Mastering the ‘how’ in website projects: A comprehensive guide, part four
This article is part of our series on four essential questions to ask when building a successful website, specifically part of question four: How do you go about building the site?
This article is part of our series on four essential questions to ask when building a successful website, specifically part of question four: How do you go about building the site?

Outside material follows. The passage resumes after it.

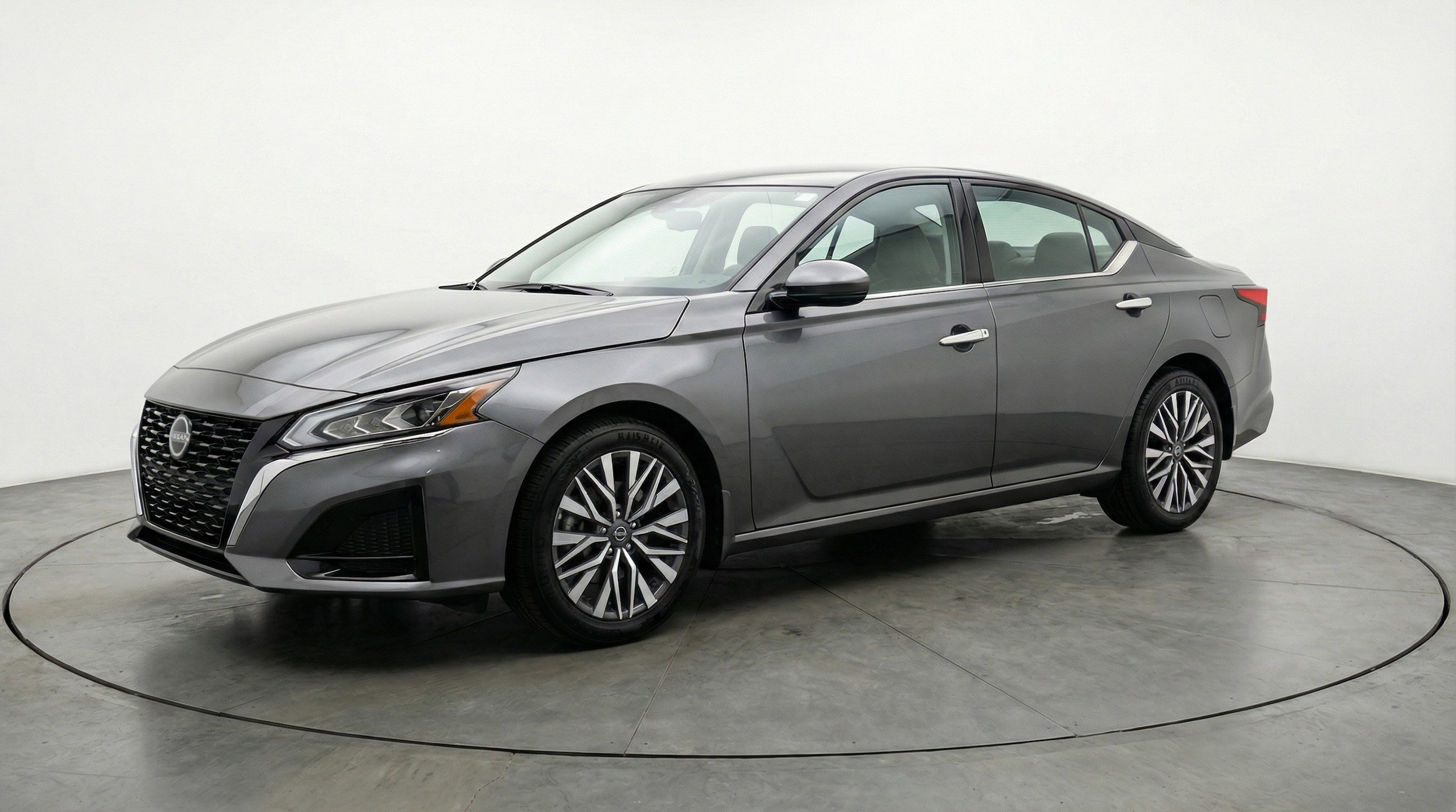 Thumbnail: 2025 Nissan Altima - 3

The art of communication on a digital project starts with specific Slack channels and ends with artful feedback both given and received. What’s the best way to manage the exchange of ideas throughout a multi-phase website project? We’ve got thoughts.
Slack beats email
Email might seem like the go-to, but we’ve found that Slack team channels actually support timelier, more efficient communication between client and agency. In fact, we barely communicate via email anymore. By creating a shared Slack channel with our clients, we’ve got a designated log of all project-related items. Everything is all in one place, it’s searchable, and it keeps things from getting lost in the inbox shuffle. Some of our clients even start separate threads for different project items, like photography. The bottom line: Keep it simple with Slack.
Everyone’s a guide
Clear, concise, proactive communication is key. A great project manager can see trouble coming down the line and get ahead of it. They’re the ultimate godsend. But they’re not the only important client liaison on the team.
Regardless of a person’s specific role on a project, a guide mindset ensures effective client exchanges at every turn. I always tell my teams: you want to think of yourself as a helper. You aren’t on the team to just do a job. You aren’t there to just make a thing. You’re there to help the client accomplish something. And they’re there to help their audience get something. Which means, you’re helping their audience get something. So, be a beacon of helpfulness.
Don’t spread yourself too thin
Managing client expectations, getting ahead of potential issues, and generally preparing work for review adds up to a very tall order. To mitigate the potential burnout of managing web projects, we usually staff our projects with a project manager who owns the client relationship and an engagement lead who owns the creative acumen. Even if you’re a small team and one person ends up having to perform both roles, it helps to keep in mind which hat you’re wearing at which moment when interfacing with clients. Keep the conversation focused on the objective at hand.
How to ask for — and give — feedback
It’s just a fact: giving feedback doesn’t come naturally to everyone. Plus, some people just don’t know what they want until they see it. They may not know how to tell you what they need, either. To make it easier to get our job done, create great work, and make sure the client can get their ideas across as clearly as possible, we first ask for consolidation. That means one person on the client side takes all the feedback from the team, filters through it, prioritizes, and lets us know what’s important.
The client contact is going to know much better than us which comments to pay attention to, and who we should be listening to the most. Reviewer A’s input may not matter as much as Reviewer B’s, since B really holds the vision for the company. Furthermore, if half the room says “Change this headline,” and the other says “Never change this headline,” how do we know what to do? This approach also helps to reduce duplication. If people say the same thing 15 times, or 15 reviews note the same change, we only need that information once to execute successfully. One voice, one swift execution.
Good feedback is also firm and declarative. It does not, however, always need to be prescriptive. In other words, we need to know the problem, but we have the expertise to iterate on the best solution to that problem. As long as we know why the client doesn't like a thing, or why it isn’t working, or what they might like better, we can act on that information and make the appropriate improvements.
Keep flexibility in the framework
Brand, product, project, and staffing plan are all useful guardrails for maintaining strong progress, and communication of said progress, throughout a project. You’ve got your Gantt chart, Slack channel, engagement lead, and so forth. But keep in mind, they’re just that: guardrails, meaning you have the freedom to move around inside them. You don’t want to be so rigid in your plans that you miss opportunities, like adding the right person to the team or considering a new approach.
Maybe you started out with someone, but now the job is calling for a specific skill set they don’t have. Maybe there’s a different creative direction that pushes the boundaries of the path you’re already on. Maybe you need more time for writing or design and less time on another thing down the road. Don’t miss the chance to pivot. Consider your framework, apply some freedom, and reverse the tide. What would make things easier when everything starts to feel like a slog? What could you create to make this website the very best it could be? Then assess how far you can — and should — go within that free framework to make it happen.